We’re all in this together


Over the last few weeks events around the world have made most of us take a closer look at who we are and how we conduct ourselves around people who are of a different race, religion, ethnicity, etc. The #blacklivesmatter and #nojusticenopeace movements across America and now the world have invoked many conversations within households and over a wide range of communities. What role have you played in promoting racial bias? How silent have you been as parents with regards to racial inequality in your homes? If you are a black American then you will have started to have these conversations with your children (especially young boys) from a very young age, and as I am not black, or living in American, I can not even fathom what that conversation could look and feel like. 

You might feel that you are not racist and so you do not need to have these conversations with your children, however if as parents we do not celebrate differences and similarities between cultures, religions and races then we are not promoting inclusivity. Our silence does not guarantee the fact that we have not raised racist children. Having lived in an international community all my life I have experienced being different, and have seen my children experience being different thus I have made a point to have conversations around their experiences and mine. The main focus of our discussions always end up around the following concepts: respect, empathy and inclusivity. 

Monkey see, monkey do.

How we talk about those different to us around our children will be how they view the world. If we have conversations that are generalized and promote racial, religious and ethnic bias then our children will pick up on the nuances, language and attitudes we express and mimic them in their world. When children come home from school and talk about someone who looks different to them, it is important to make sure that the language used is respectful. When we have conversations about skin colour we look at what is the same and what is different and how everyone is beautiful the way they have been born. We compare ourselves to what nature has shown us in plants and animals, and how none is better than the other but unique in its own way. We celebrate who we are but also celebrate the diversity in the world around us. These discussions can also crossover into conversations around different religions and ethnicities. Because let’s face it, this world has many prejudices, the biggest being race. 

Do unto others as you would them to you.

Modeling behaviour is key when we are raising young and impressionable minds. However teaching them to be mindful of others is also very important. When you are having a bad day, the best thing that could happen to you would be someone to hold your hand and give you permission to have a moment to recover. That connection is empathy. Empathy holds an important role in social and emotional intelligence, and how you empathise as a parent can make a huge difference in how your children learn to empathise with the people in the world around them. In our fast paced and forever changing world we are losing our ability to connect with those closest to us, so how do we expect them to practice empathy when we ourselves don’t make an effort to make time for it. 

‘We all should know that diversity makes for a rich tapestry, and we must understand that all the threads of the tapestry are equal in value no matter what their colour’~Maya Angelou.

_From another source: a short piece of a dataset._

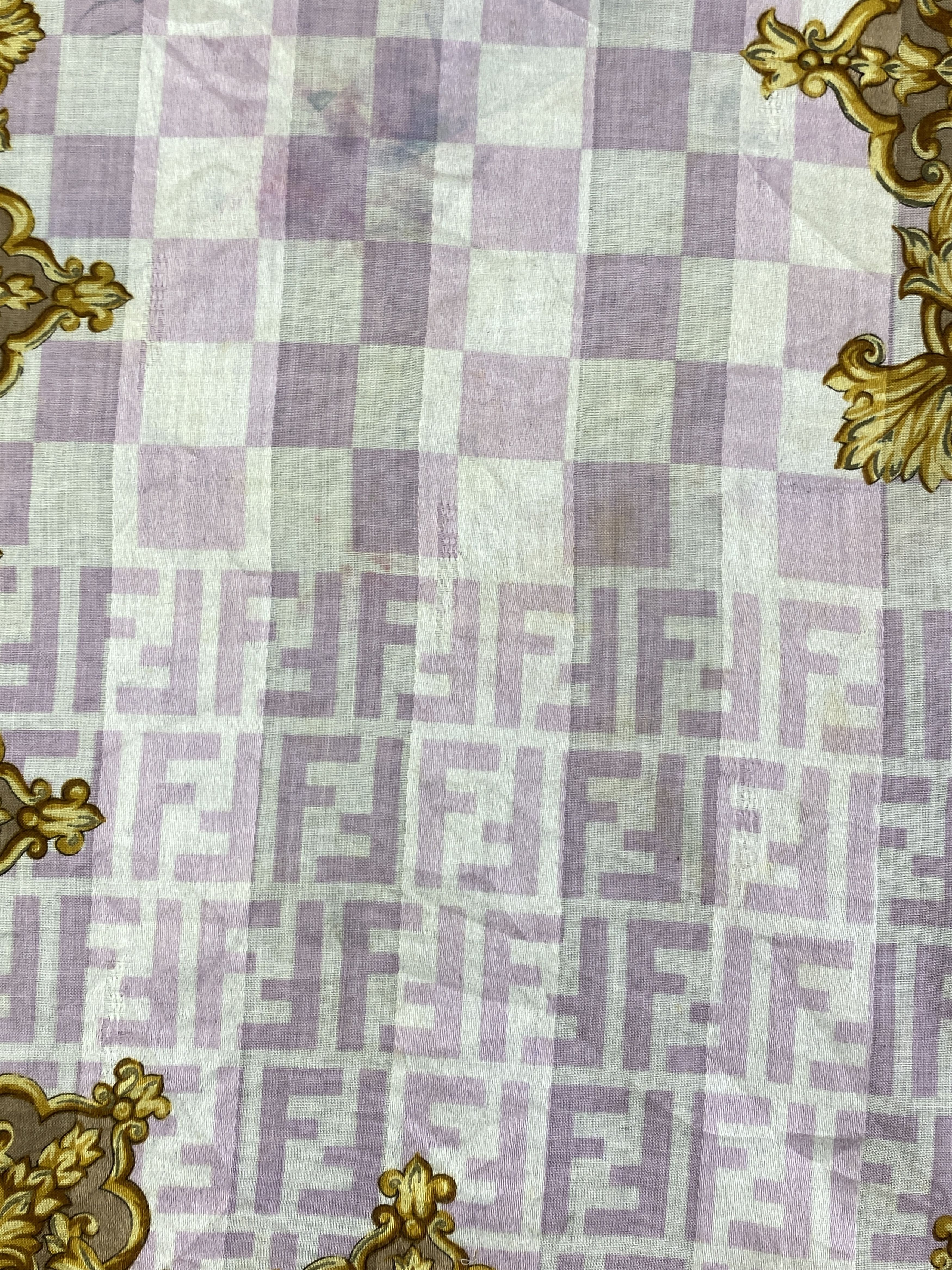 Fendi Vintage Fendi Handkerchief / Neckerchief KT0004 Size ONE SIZE - 12 Thumbnail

In addition to nurturing empathy, it is important to expose our children to the many different races and cultures of the world. Read stories from around the world, watch movies in different languages and try to connect with people in your community who are not the same as you. As parents when we venture out of our comfort zones to make friends with and ‘break bread’ with people from different backgrounds and cultures than our own we create a normalcy in being different such that being different is not the main point of conversation any more. It also means that the feeling of belonging is not restricted to finding people who look like you, speak the language you speak or worship the same way that you worship. Rather the feeling of belonging breaks these barriers and becomes more about being seen and heard for who you are and not what you are.